'Sardar Udham': Shoojit Sircar delivers brilliant recreation of colonial horrors
In his first biopic, Sardar Udham, Shoojit Sircar does exactly what is expected of him. While retelling the story of a relatively lesser-known revolutionary, the filmmaker presents us with a realistic tale of a man battered by a heartbreaking tragedy. The revolutionary is not jingoistic but clear and logical in his ideologies. Vicky Kaushal in the lead gives a nuanced performance. Here's our review.
The 162-minute film focuses on Udham Singh's fight for independence, his struggles with morals and ideals, and ultimately his revenge. Singh had carried the burden of witnessing the death of hundreds in the 1919 Jallianwala Bagh massacre for two decades. Finally, he had avenged his people by killing the man who sanctioned the killings, Michael O'Dwyer, in 1940 in London.
The plot is simple and we have had many movies on the massacre. But like other slices of history, the incident is also simply an event of the past for many who didn't personally know the horror. Sircar painstakingly recreates the horror on-screen with his art directors Mansi Mehta and Dmitriy Malich so raw that the last 30 minutes become difficult to sit through.
Sircar, who envisioned making a film on the Jallianwala Bagh massacre 20 years ago, focuses on Singh, a man who waited 20 years to attain peaceful sleep. It is perhaps the weight of these waitings that make the film paced the way it is. In many scenes, you might feel the narration is slow but patience is what makes the watching experience richer.
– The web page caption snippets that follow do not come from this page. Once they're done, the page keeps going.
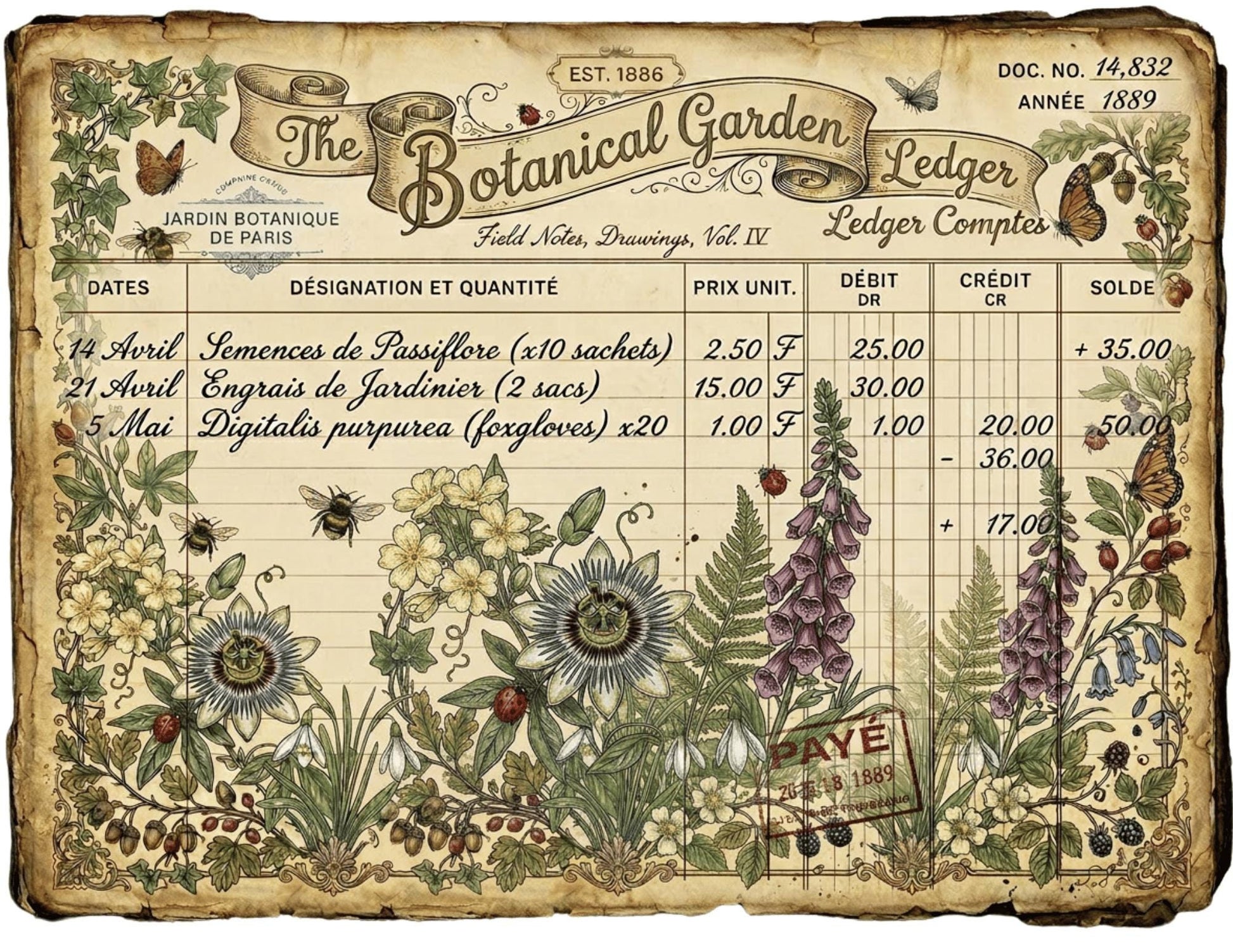 Victorian Naturalist Junk Journal Kit | Botanical Field Notes Printable | Vintage Ephemera Journal Pages | Instant Download Digital Kit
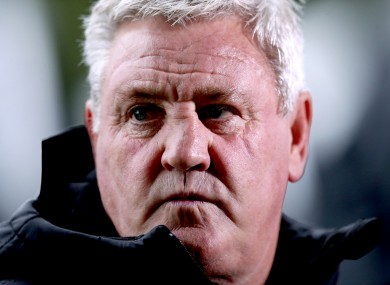 Steve Bruce (file pic).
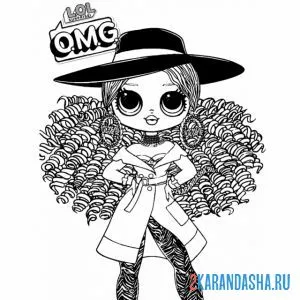 Раскраска ЛОЛ ОМГ Подружки В Платьях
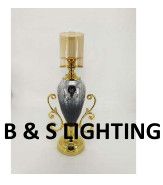 DECO2 9 X 5 X 20 IRON + GLASS CANDLE HOLDER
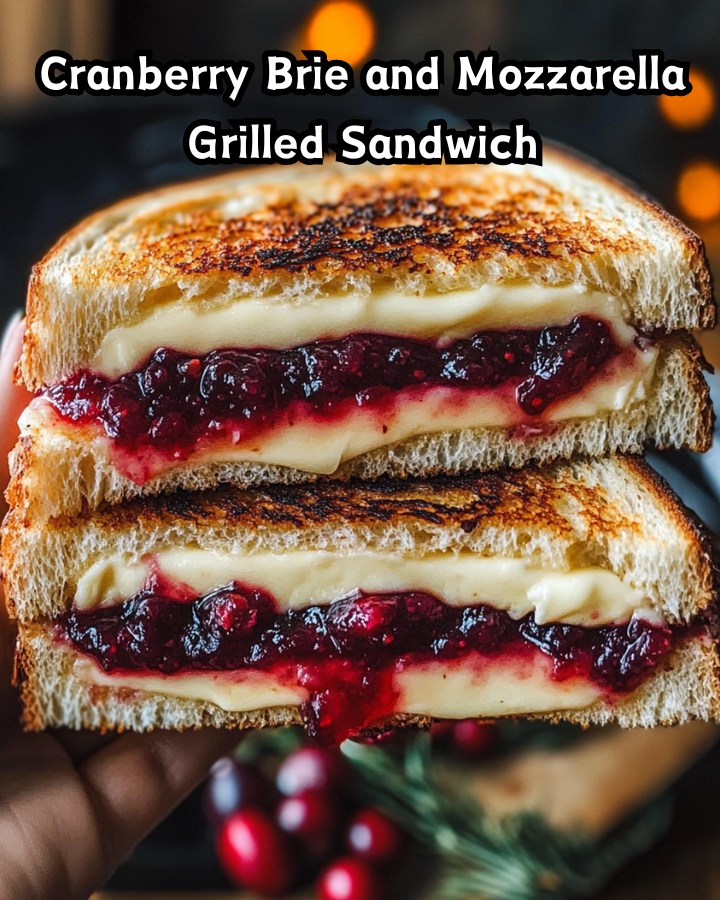 Easy Cranberry Brie and Mozzarella Grilled Sandwich Ready in 30 Minutes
Given the majority of the dialogue is in English (British English at that) and the movie is nearly three-hour-long, going OTT with the release is the correct choice. Interestingly, Sircar again casts Banita Sandhu in a voice-less role after October. Amol Parashar charms immediately just like the character he is playing. Sardar Udham is now streaming on Amazon Prime Video. Verdict: It gets 3.5/5.